I quit my first job with no regard for relationships. Never burn bridges. All your relationships should be for the long haul.
We’ve all been in situations that left us seething, and let our primitive fight-or-flight response take over. You never know who you will encounter again. Even if you don’t meet them again, those people might talk about your burning bridges to future prospects. Word of mouth is powerful and spreads fast.
Not everyone is a teacher. Find the ones who are willing to guide you and listen carefully.
We sometimes land in situations where we report to people who teach us nothing new, or don’t have good management skills. Rather than drifting along until that next job or gig, do what you can to keep learning and receiving guidance so you can be ready for the next step.
No one will give you anything unless you ask, take or make for yourself. I waited too long for instructions.

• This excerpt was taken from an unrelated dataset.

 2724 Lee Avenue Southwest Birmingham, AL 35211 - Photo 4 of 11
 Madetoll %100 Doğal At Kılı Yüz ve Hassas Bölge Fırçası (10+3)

There’s never just one answer or one perspective.
You could do the same two projects for two different companies and work them in very different ways because of the people involved.
I worked several times for people I thought were crazy or dumb before I took a job, yet I went ahead and took it anyway. It turned out to be true every time leading to wasted years. Never again.
Many folks rely on gut instincts often because they turn out to be right. So if you get a gut feeling about new projects, clients and other situations, pay heed. I had a bad feeling about a prospective client, so I checked in with a colleague who had worked with her. It turned out those feelings were on target, so I passed on the gig.
Not allowing my entrepreneurial spirit to come out early enough. (Of course, I’m still young!)
Mark provides a classic example of “hindsight is 20/20.” All you can do is the best you can with what you have. Pushing yourself, however, could help you discover uncharted waters.
What mistakes have you made and what did you learn from them?